Floris Isola

Personal information
- Date of birth: 31 October 1991 (age 34)
- Place of birth: Sète, France
- Height: 1.78 m (5 ft 10 in)
- Position: Defensive midfielder

Youth career
- 2001–2008: Montpellier

Senior career*
- Years: Team / Apps / (Gls)
- 2008–2009: Montpellier B / 3 / (0)
- 2009–2010: Martigues / 4 / (0)
- 2011–2012: Košice / 33 / (1)
- 2013–2020: Sète 34 / 164 / (1)
- 2020–2023: Agde / 47 / (2)
- 2023–2024: Sète 34

= Floris Isola =

French footballer (born 1991)

Floris Isola (born 31 October 1991) is a French former professional footballer who played as a defensive midfielder.

==Career==
===Early career===
Isola was born in Sète, Hérault.

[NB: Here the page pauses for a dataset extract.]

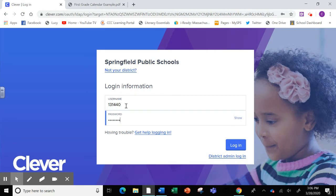Their username is their student ID, or the number they use every day in the lunch line. Their password is uppercase S, lowercase P, followed by six digits for your child's birthday.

He started his career in 2001 with Montpellier, and played his senior debut in the Championnat de France amateur for the Reserve team (Montpellier B) against ASF Andrézieux on 31 January 2009. He played three games for Montpellier Herault B, before joining league rivals Martigues.

===MFK Košice===
He made his debut for Košice against Nitra on 9 April 2011.

===Sète===
Isola was without a side for six months and returned to his native country to sign with his hometown club, FC Sète 34. He went on to make more than 150 league appearances for the club.

===Agde===
In the summer of 2020, after several seasons with Sète, Isola signed for RCO Agde.